The dilemmas predicted above already exist.

The big impediment right now to global action to limit emissions of CO2 is the same as the huge roadblock (rightly mentioned above) to coming up with some mutually-agreed upper limit on the global thermostat — the variegated status and interests of different states worldwide.

Those with heaps of coal (led by the U.S. and China) want to use it. Those with big vulnerabilities to climate or coastal risks, and little history of emitting (Maldives, e.g.), want the rich emitters to protect and compensate them, and limit the risk imposed by rising temperatures or seas.

In the meantime, the rich emitters have insulated themselves from risk with their wealth and technology (for decades to come, at least, according to IPCC AR4), as we reported last year in the “Climate Divide” series.

So, presuming one accepts the I.P.C.C. findings (which all the world’s nations — ostensibly at least — say they do) we’re already in the climate management (or conscious mismanagement) game.

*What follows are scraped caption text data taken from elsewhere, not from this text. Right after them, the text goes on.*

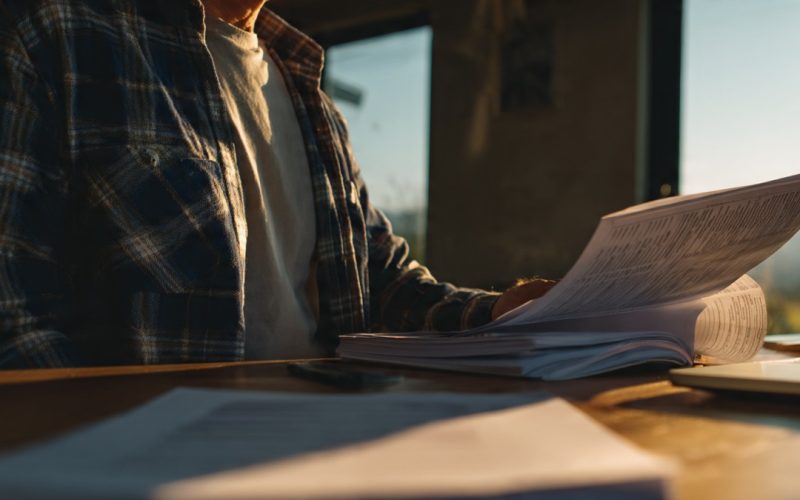 Reforma Tributária no Agronegócio: o que muda para produtores rurais e empresas a partir de 2026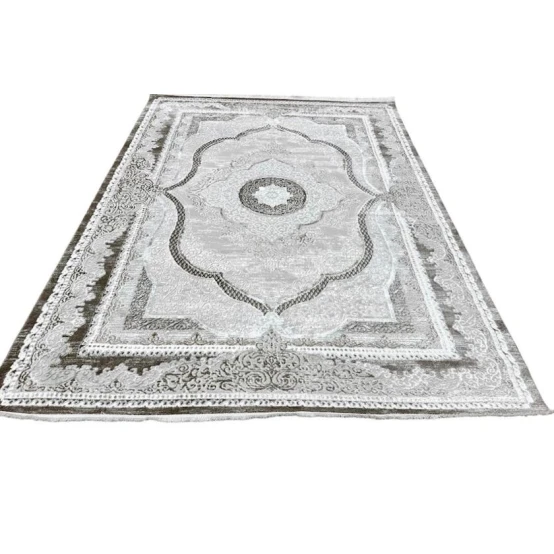 Ковер Sahara SHA-00002146, 100x200 см, шерсть, разноцветный Ковер Sahara SHA-00002146, 100x200 см, шерсть, разноцветный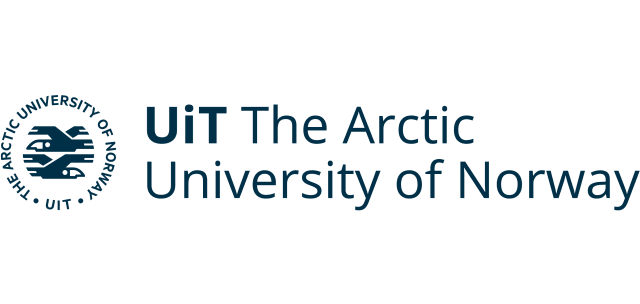 UiT The Arctic University of Norway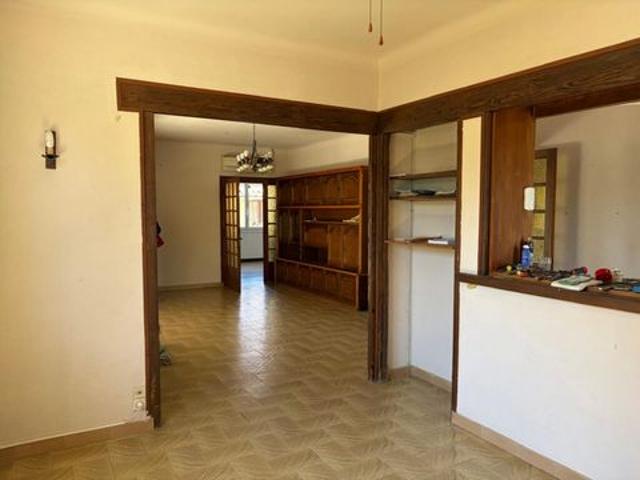 Maison vente à Carpentras, Bollène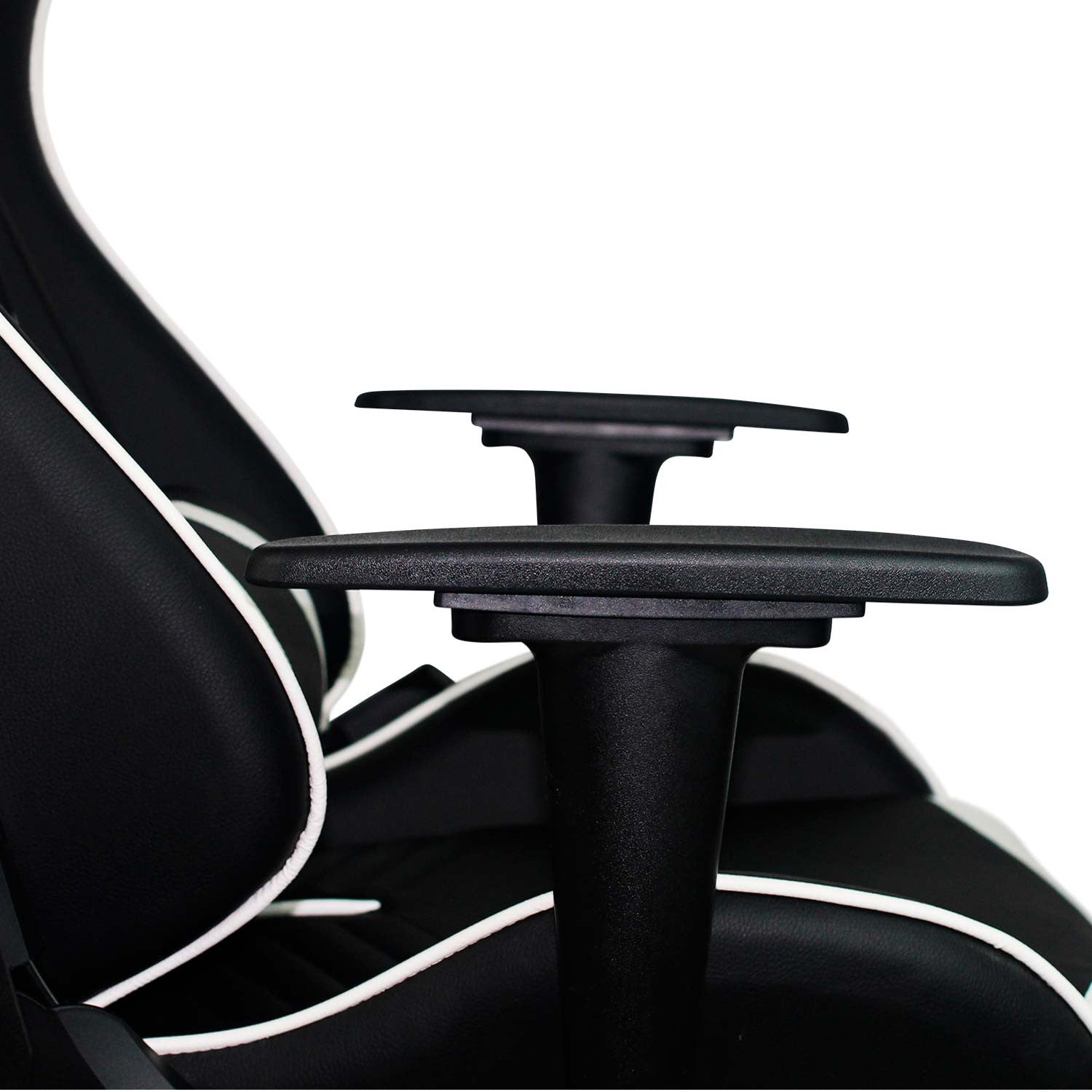 Silla Gaming Decode 73x68x136cm 7house_4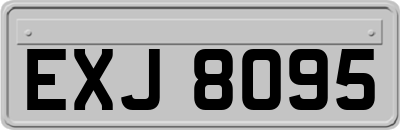 EXJ8095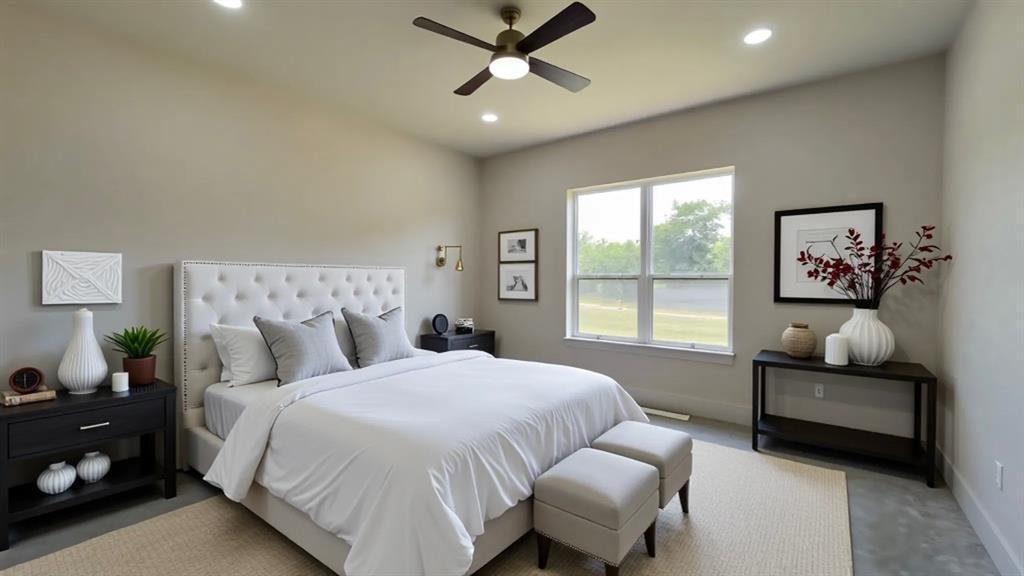 House in Pottsboro, Texas, United States 4 - 18004431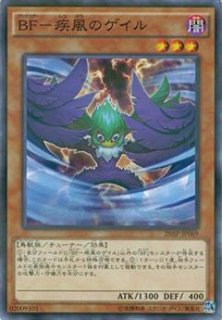 A BF－涙雨のチドリ（アサルト ブラックフェザー） - 遊戯王専門：通販 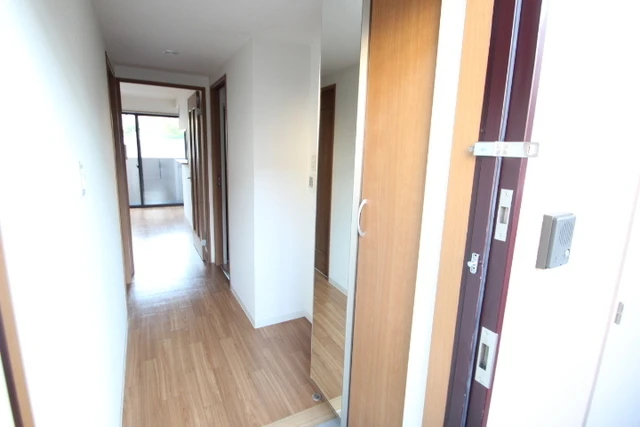 ルネス クレアーレヴェント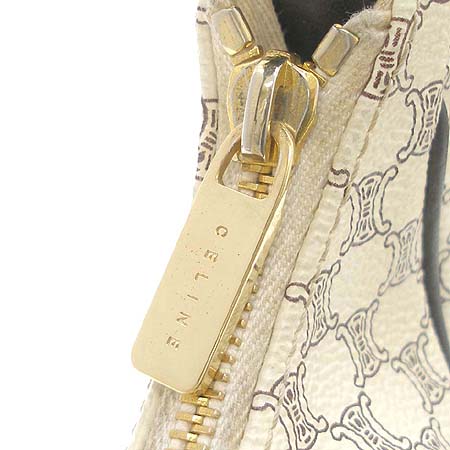 Celine(������) ������ PVC ȣ�� ����� �̹���4 - ���̺��� �߰���ǰ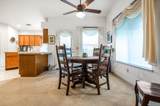 5937 Feemster Court - Photo 27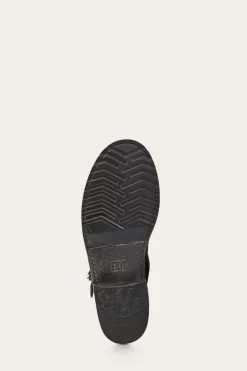 Discount Frye Veronica Bootie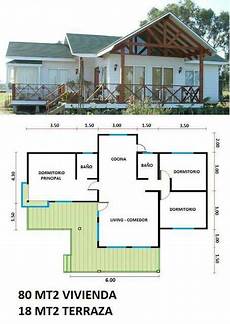 exclusive cool house plan id chp 39172 total แบบบ านไม ยกพ น 3 ห องนอน pan design ในป 2019 บ าน exclusive cool house plan id chp 39172 total แบบบ านไม ยกพ น 3 ห องนอน pan design ในป 2019 บ าน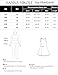 Hanna Nikole Plus Size 2 Piece Sequin Dresses Mother of Bride Dresses for Women 2024 Fashion Sime Formal Dress Peacock Blue 3XL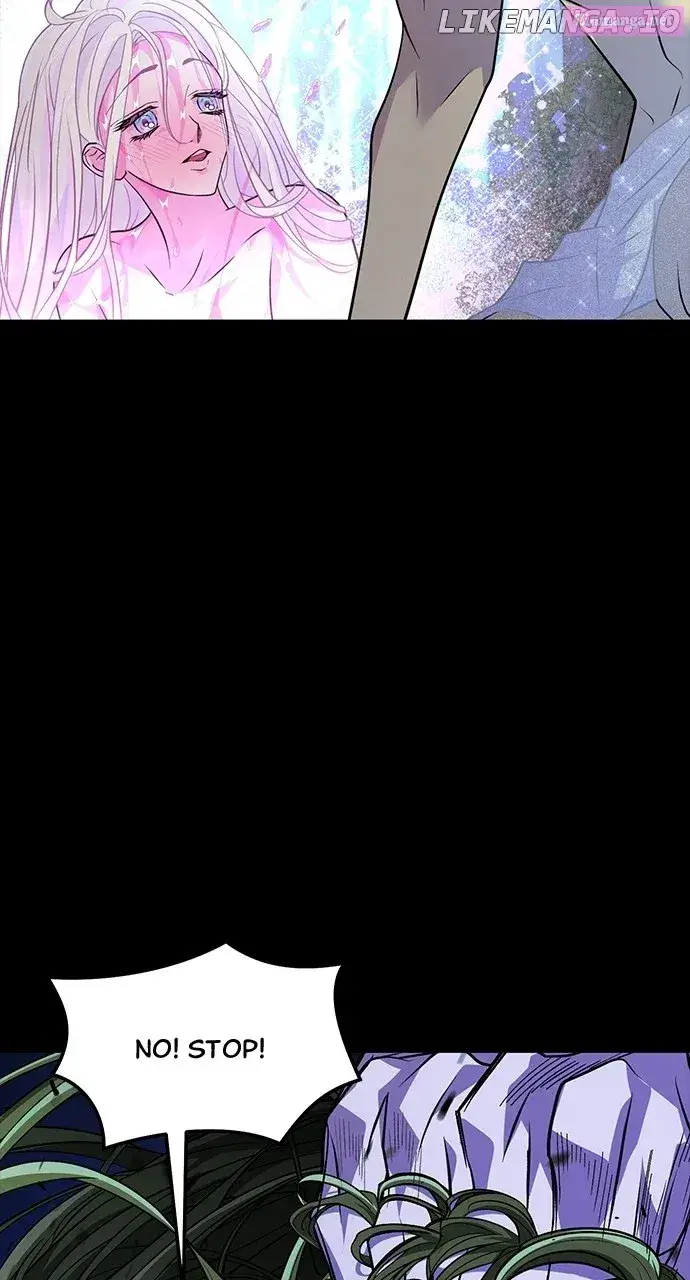 Book of the Dead Zinmanga X Chapter 7 Page 97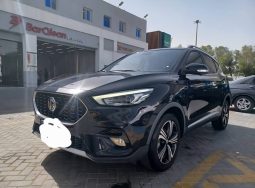 
										حراج الرياض ام جي 2024 full									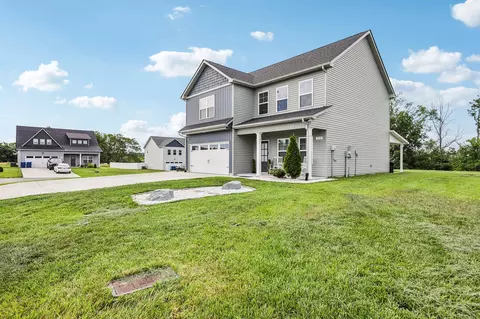 Other - 710 Vrabel Rd, Murfreesboro, TN 37130 photo 1 of 7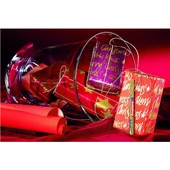 Edding Hobi Sanat Markörü Kalemi Edding 750 Boya Dekorasyon Markörü ALTIN - 2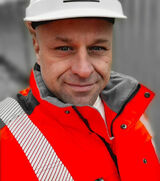 Photos WorkOnProgress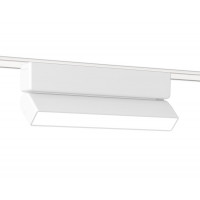 Светильник на шине Ambrella Light GV1483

Who gets to choose how fast to cut the 27-billion-tons-a-year-and-rising CO2 flow: Europe with its 2-degree-C threshold? China and the U.S. in their “You first” Alphonse & Gaston routine? Malawi?

For the moment, Alphonse & Gaston are winning, it seems. That’s why a lot of scientists see the need for cobbling together a long-term insurance policy (or at least explore whether one is even available.)